GS - US- 311-1089   Switching Tenofovir DF to Tenofovir Alafenamide in virally suppressed patients

48 week data was presented; RCT, double blinded  evaluated safety and efficacy of switching from F/TDF to F/TAF  vs continuing F/TDF while remaining on the third agent. 50% of third agent was a boosted PI.  663 patients were randomised to the two arms. Patients vl were < 50 copies and stable. eGFR was > or= to 50

Very little failure described. The nature of the third agent made no difference to outcomes. Very foew AE's leading to discontinuation occurred.

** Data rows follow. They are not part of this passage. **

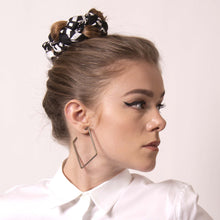 Load image into Gallery viewer,  You can tell a lot about someone from the bun they choose to wear. artskul&#39;s chic black and white logo scarf can transform your throw-up-and-go hairstyle into a polished statement about what your bun says about you.
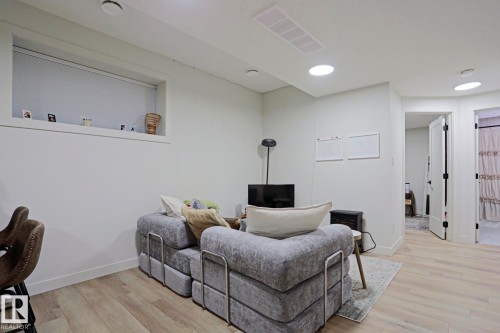 Recessed lighting throughout a versatile living space featuring wood-finish flooring - 12842 121 Street, Edmonton, AB 
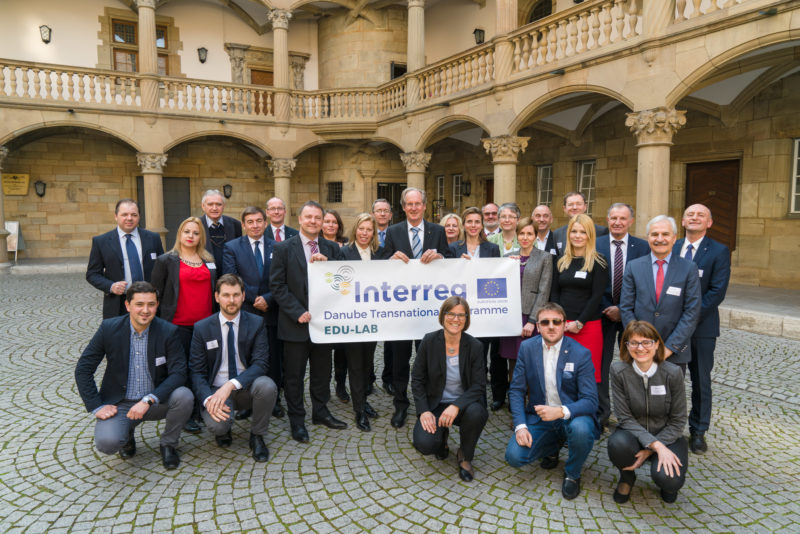 Gruppenfoto: Die Teilnehmer in der Pause einer internationalen Konferenz im Innenhof des historischen Schlosses, in dem sie tagen. Sie tragen ein Banner mit dem Namen der Veranstaltung.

eGFR improved and proteinuria decreased when switched to F/TAF.    BMD did not worsen in the F/TDF group. BMD improved in the F/TAF group at both 24 and 48 weeks. Lipids increased in the F/TAF group.  F/TAF was shown to be not inferior in terms of virological suppression.

 

Latte 2  week 32 results - Cabotegravir + Rilpilvirine as long acting maintainence therapy,  INSTI and NNRTI long acting injectable nano-suspension. 

Phase 2b open label study ART naïve. 20 week induction daily oral CAB + ABC/3TC randomised to one of three arms - IM CAB LA + IM RPV LA every 4 weeks ; or the same every 8 weeks ; or to remain on the oral CAB + ABC/3TC

309 subjects enrolled.  median age 35.  8% female.  15% African American  Median CD4 ^400  19% viral load > 100,000.

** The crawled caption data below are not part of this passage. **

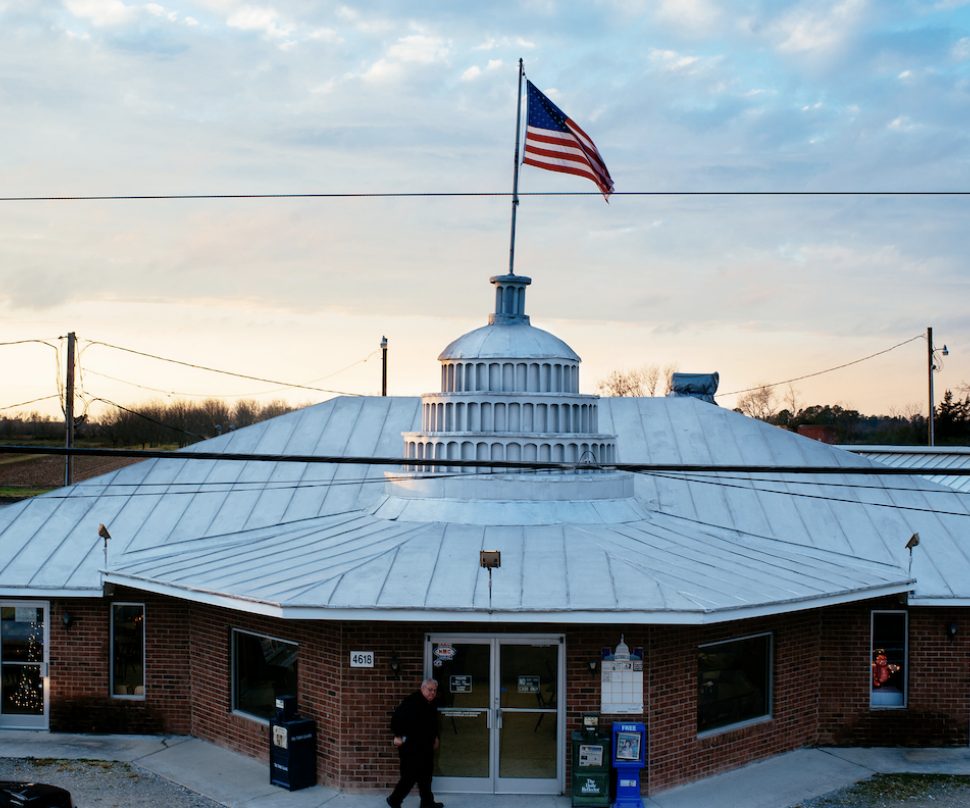 Round brick exterior of Skylight Inn BBQ in Ayden with American flag overhead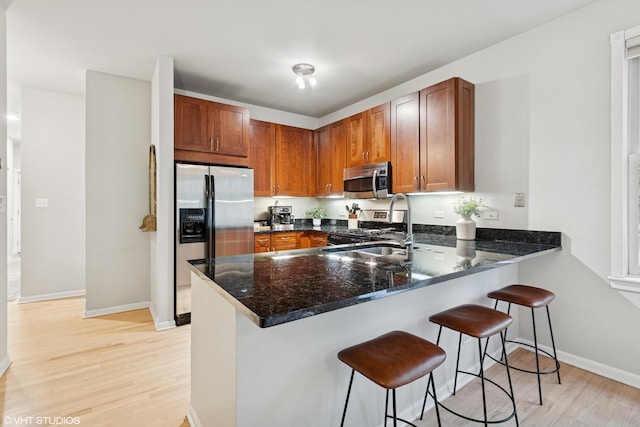 1048 W Lill Ave Unit 2, Chicago, IL 60614 - kitchen featuring stainless steel appliances, a peninsula, light wood-type flooring, and brown cabinetry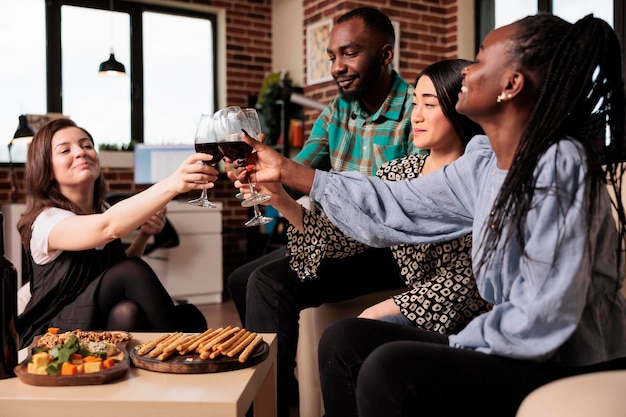 Verschillende etniciteiten vriendengroep, roosteren, wijn drinken, snacks eten, plezier maken op een jong volwassen verjaardagsfeestje in de woonkamer. Multiculturele mensen genieten van vriendschap.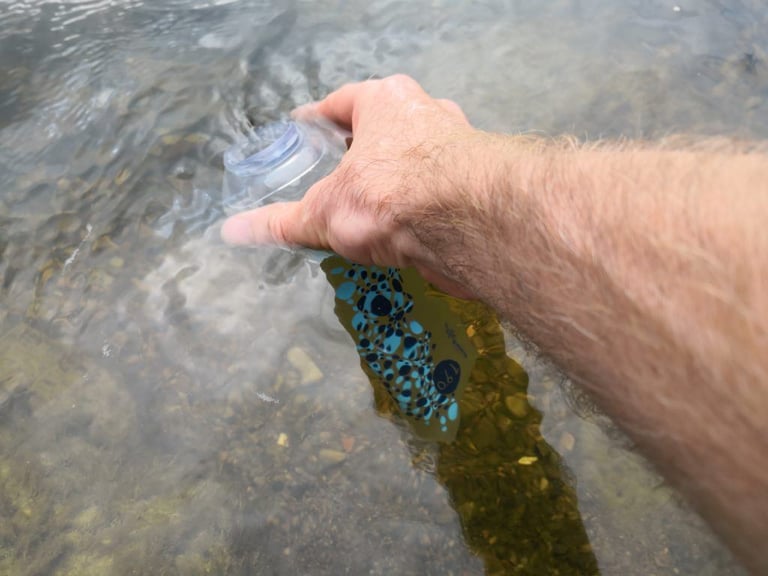 Hand holding a Katadyn BeFree soft flask under the surface of a clear stream to fill it with water.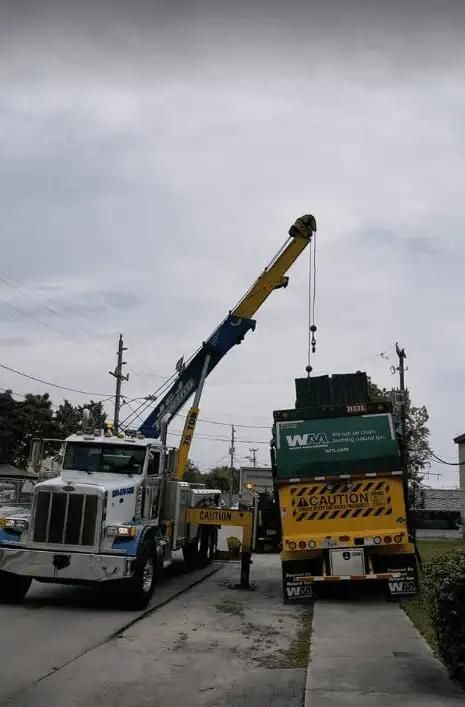 Tow truck lifting a green dump truck on a roadside under a cloudy sky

32 week data. 286 subjects randomised to maintainence therapy. most common AE was injection site pain with 99 of these reported as mild. These lasted a median of 3 days with all resolved by 7 days. 1% eventually withdrew citing injection site reaction. most non ISR AE's were fever, fatigue , and flulike symptoms. There was one death unrelated to study due to epileptic eizure.  > 95% cited high level of satisfaction with the injectable therapy.

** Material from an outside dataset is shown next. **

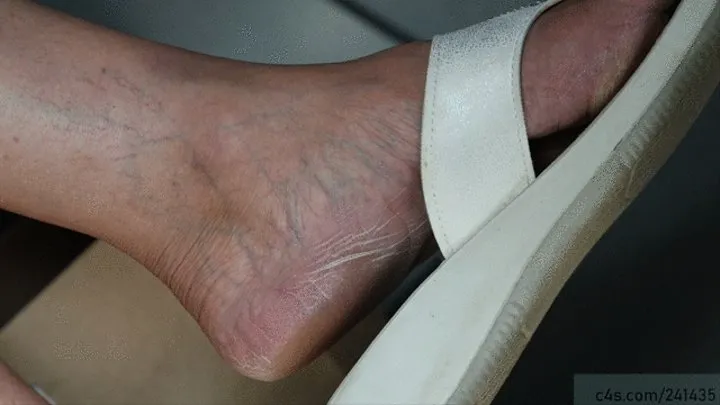 Candid dangling sandals, wrinkled nice mature feet moving continuously, foot fetish watching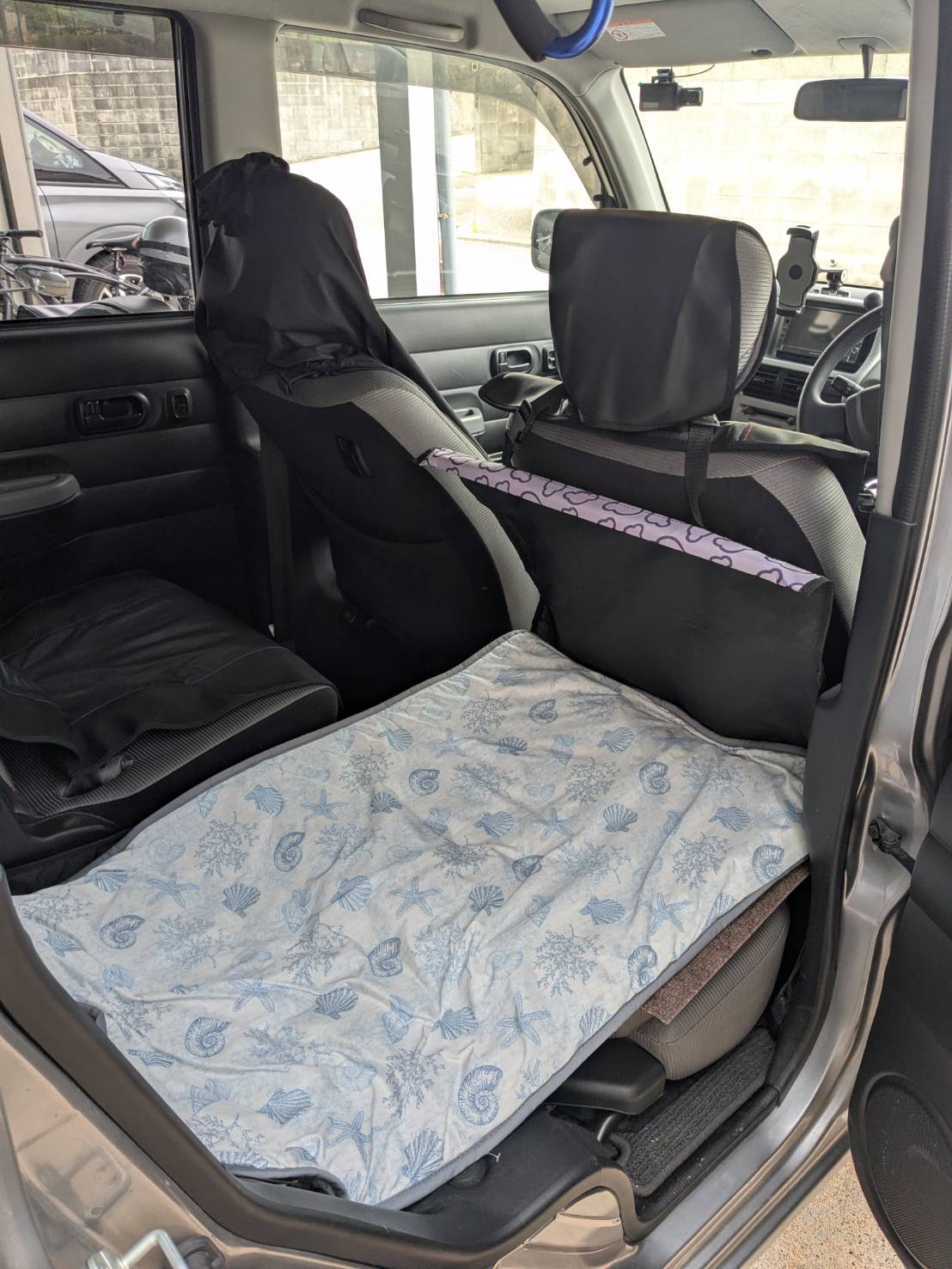 シートを倒してフラットにし、やわらかい寝具を敷いたcocoタク福岡東の車内。ケージに入れず抱っこで過ごせるシニアペット向けの空間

All arms demonstrated comparable antiviral activity. At this time no regimen has been ruled out.

 

 

 

 

Tagged in: CROI2016
Plenary 2 - Joe Eron - Where we are and where we are going

Tuesday plenary 2 - A great overview of the current situation and where we are headed

90 90 90 are high targets

Integrases will help achieve these higher proportion of fully suppressed patients for longer before resistance occurs and needing fewer regimen changes over the projected treatment period for some of 80 years.

Hurdles include

     -persisting treatment gap - those in care and not in therapy > 10 % in most clinic populations

     -whole life treatment from diagnosis despite

          -adverse events, pregnancy, childhood and adolescence, periods of poor adherence, drug interactions

     -Toxicity - but this is decreasing

              eg TDF will be replaced by TAF - lessening BMD loss and reducing proximal renal tubule issues

                   Duel therapies - eg Dolutegravir + 3TC - less exposureto potential toxicities

     - Resistance - but the use of potent therapies up front has made resistance rare

     - Are there enough agents to last 80 years

            New agents/ different classes will overcome resistance to previously used drugs

                         Dolutegravir

                         TAF

                         Doravirine

                         Maturation inhibitors

                         Attachment inhibitors

                         Monoclonal antibodies

     - Adherence issues - particularly at some stages in their life for some patients - adolescents and drug                   users for example - Long acting therapies like Cabotegravir and Rilpilvirine will help

               Drug implants

               Vector delivery

Tagged in: CROI2016

A brief blog reviewing the Bernard Fields Lecture. Monday 22nd Feb.

T Cells Control of HIV: Implications for Vaccines and Cure.

Speaker: Dr Bruce D Walker (Harvard, MA, USA)

In summary CD8 T cell immunity is still undergoing vital research in assessing how it impacts on overall immunity specifically relating to HIV. Can it help us in a cure or vaccine development? 

Known that CD8 T Cells can kill infected cells before progeny virions are produced. Yang 1997 showed that In vitro CD8 cells can kill HIV infected cells.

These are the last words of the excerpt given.